SABERES TRANSDISCIPLINARES E ORGÂNICOS.

sexta-feira, 12 de junho de 2026

Outro mundo é possível, e ele começa onde o Estado termina. Por Egidio Guerra

 



Acracia é o Nome, a Pólis é Nossa

I. A farsa da "Demo-cracia"

O "demo" mora na lata de lixo do Senado,
seu sufrágio é uma nota de rodapé rasgada.
O povo não vota: é votado, contado, amordaçado
nas comissões de ética que absolvem o fardado.
A urna é um confessionário sem absolvição,
o mandato, um contrato de alienação.
Chamam de "negociada" a podridão do mercado
onde se compra o voto e se vende o estado.
"Democracia" é o nome da jaula
onde os lobos ensinam os cordeiros a votar.

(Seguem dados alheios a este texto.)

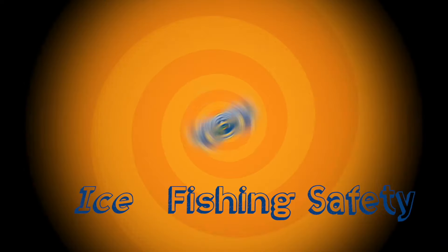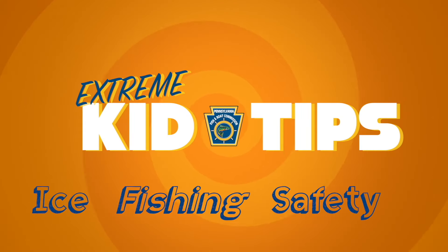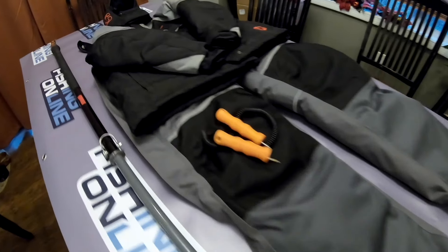Hi, I'm Macy with this week's Kid Tip brought to you by the PA Fish and Boat Commission. It's that time of year and we all know you're excited to go ice fishing. But first, ice can be dangerous. Here are some things that can make you safer on the ice.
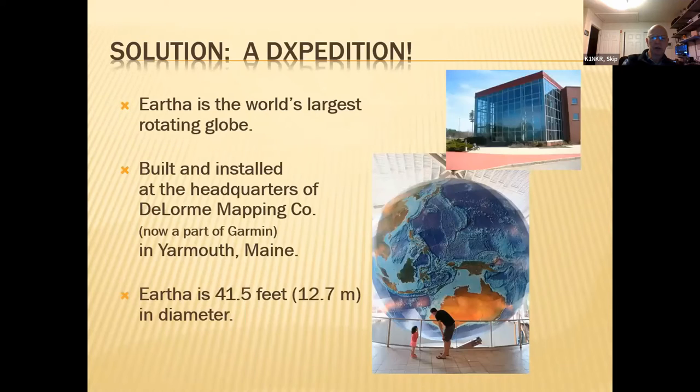So I went on a DX-pedition one time — actually, I've visited this place more than a half a dozen times. The old DeLorme mapping company up in Yarmouth, Maine. Since been bought out about five to ten years ago by Garmin, so you can't go up there and buy maps at their map store anymore. But they installed a globe — the world's largest rotating globe — in their three-story glass atrium in the front. You can still go in, and the restroom is still open, so if you're going up Route 295 and you need to make a pit stop, it's a very worthwhile pit stop.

A soberania? Uma anedota contada a portas fechadas.
O poder constituinte? Um fantasma que assombra
os corredores de mármore, mas nunca toma a palavra.
A República é um conselho de acionistas
vestidos de toga e gravata-borboleta.

II. O espetáculo dos partidos e a farsa da representação

Os partidos são vitrines do mesmo espólio:
federação de feudos, legenda de aluguel.
Dançam conforme a emenda, trocam de pele e de discurso
na coreografia da governabilidade.
Oposição e situação são dois polegares
da mesma mão que cerceia o pescoço da rua.
Seus estatutos são folhas de figueira
cobrindo a nudez da barganha.

O mandato não representa, representa-se;
o eleito não fala, é falado pelo lobby;
a assembleia não legisla, limita.
E o povo? O povo é o silêncio que aplaude a própria cova.

III. A "constituição" como campo de batalha (200 anos de disputas)

Duzentos anos de debates para emoldurar
a mesma jaula com diferentes arabescos.
Os juristas brincam de xadrez nos tribunais
enquanto a vida real sangra nos becos.
A cláusula pétrea é o túmulo da mudança;
o controle de constitucionalidade, a sentença
que enterra o futuro no passado.
Federalismo? A arte de gerir o atraso em parcelas.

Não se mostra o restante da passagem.